The 2026 rescue of a US weapon system officer sparked a New York Post story that the CIA used a device called “Ghost Murmur” to locate his heartbeat from dozens of kilometers away.
Heart‑generated magnetic fields are only 50–100 picoTeslas, about a million times weaker than Earth’s field, and they diminish with the cube of distance, making detection at 50–100 km far beyond current sensor capabilities.
Nitrogen‑vacancy centers in synthetic diamonds can sense magnetic fields at room temperature, but their sensitivity falls short by roughly 18 orders of magnitude compared with what would be needed to hear a heartbeat from that range.
Historical intelligence deceptions, such as the British “carrots improve night vision” myth that concealed airborne radar development, illustrate how cover stories are used to mask true military capabilities.
Realistic uses of NV‑diamond magnetometers focus on GPS‑independent navigation by mapping subtle variations in Earth’s magnetic field rather than long‑range biometric detection.

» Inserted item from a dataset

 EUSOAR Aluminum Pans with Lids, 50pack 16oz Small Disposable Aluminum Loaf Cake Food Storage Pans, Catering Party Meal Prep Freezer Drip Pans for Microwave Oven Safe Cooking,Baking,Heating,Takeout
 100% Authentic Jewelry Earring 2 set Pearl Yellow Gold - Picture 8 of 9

Frequently Asked Questions

How sensitive must a magnetometer be to detect a human heartbeat from 50 km away?

Detecting a heartbeat at 50 km would require sensing magnetic fields around 10⁻³⁰ tesla, because the heart’s 50–100 pT field drops by the inverse‑cube law. Current NV‑diamond sensors reach femto‑tesla levels, leaving a gap of about 18 orders of magnitude.

What historical example shows intelligence agencies using cover stories to hide new technology?

During World II the British spread the myth that carrots improved night‑vision, a story that concealed the development of airborne radar. The deception kept the enemy unaware of a critical detection capability, mirroring modern claims that mask true intelligence tools.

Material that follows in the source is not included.